Who Can Use Wood Fuel

When other fuels are obtainable and moderately priced, regular use of wood fuel is rarely feasible if it must be transported more than about 20 miles to the consumer by motortruck. To bring wood more than 20 miles in sufficient quantities for consumers in the larger cities could easily cause serious traffic congestion. Wood is bulky in proportion to its heating value and takes relatively more shipping space than other solid fuels. If, however, there are sawmills or woodworking plants within a radius of a few miles or accessible by barge lines, local use of wood waste from such plants tends to be more economical of the Nation’s transportation facilities than the use of coal. The people who are nearest the source of supply can render a service to the war effort, and perhaps also to themselves, by preparing to use more wood fuel during the emergency. Many who live in the smaller towns and on farms will find that fuel wood can be cut almost at their very doorsteps.

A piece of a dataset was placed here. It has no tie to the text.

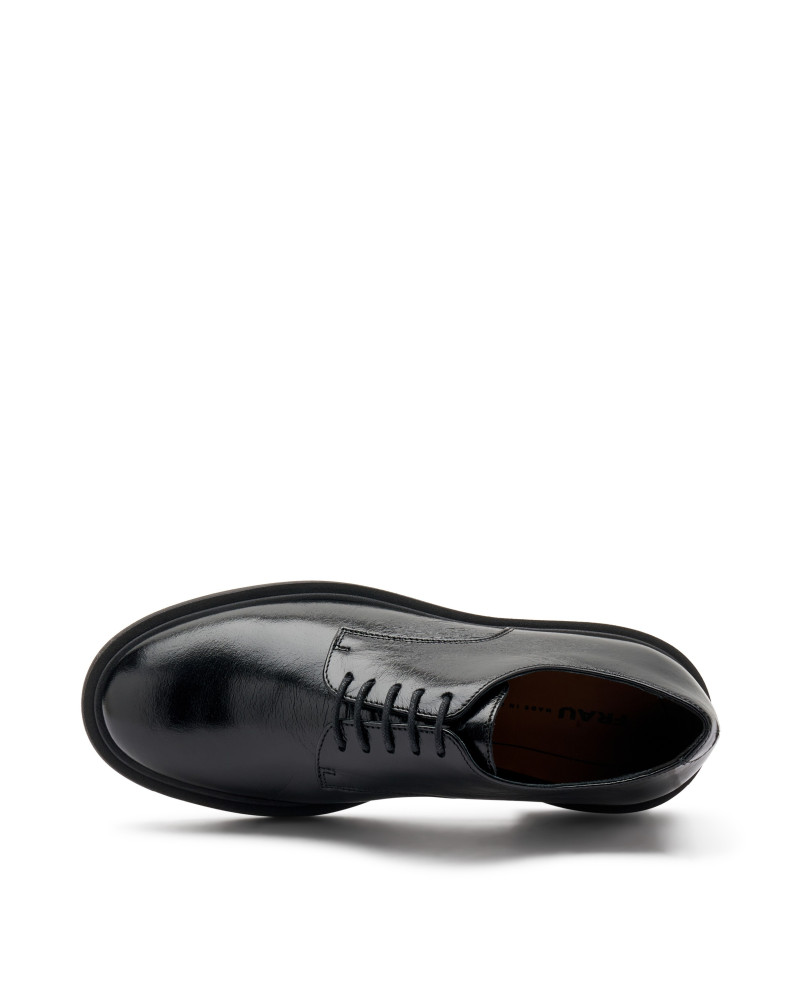 Frau stringate donna in pelle nero 79Q0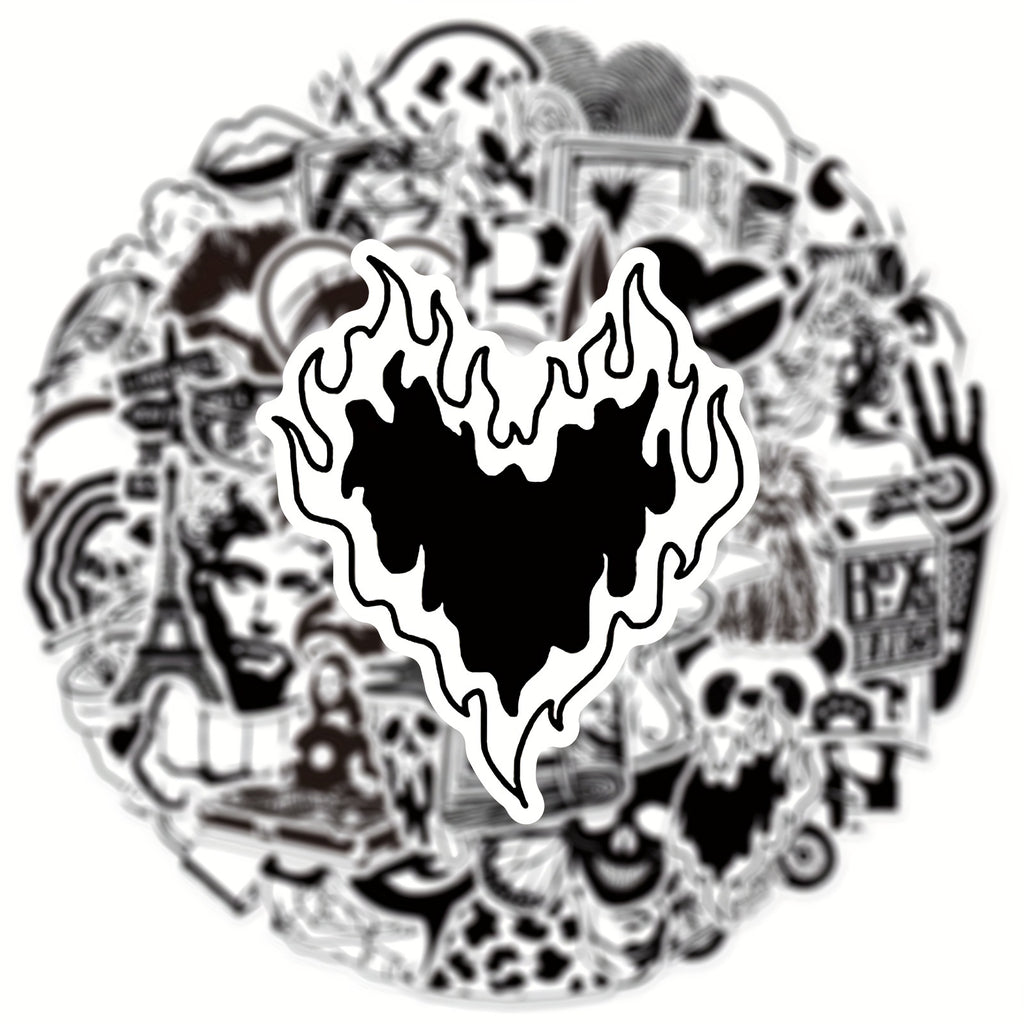 50 Pegatinas artisticas en blanco y negro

Users of wood fuels may be grouped mainly in three classes. First are the householders who can burn wood for heating and cooking, or in fireplaces for supplementary heat. Many schools, churches, and businesses such as processors of farm products fire their furnaces with wood, or could do so. In the third class are the larger plants, which are generating electricity; these plants usually have apparatus for automatic stoking of sawdust or other waste wood, sometimes in combination with pulverized coal. Ordinary household use, nevertheless, accounts for at last two-thirds of our present consumption of wood fuels. Householders have the best opportunities to substitute wood for other fuels in wartime; accordingly this bulletin is devoted mainly to wood fuel for domestic use.

Advantages in Use of Wood

Wood has certain advantages as a fuel, which many people nowadays have not considered. Wood is clean and free from disagreeable dust; it produces little smoke or soot when properly burned. A cord of hardwood leaves only 60 pounds of ashes, while a ton of hard coal will make 200 to 300 pounds. The wood ashes, moreover, have fertilizing value. Wood begins to burn at a comparatively low temperature, so that a wood fire is easy to start and can be maintained at a lower ebb than a coal fire, when only a small output of heat is needed. For cooking, a wood fire need not be kept burning so long as a coal fire and is less likely to overheat the kitchen in warm weather.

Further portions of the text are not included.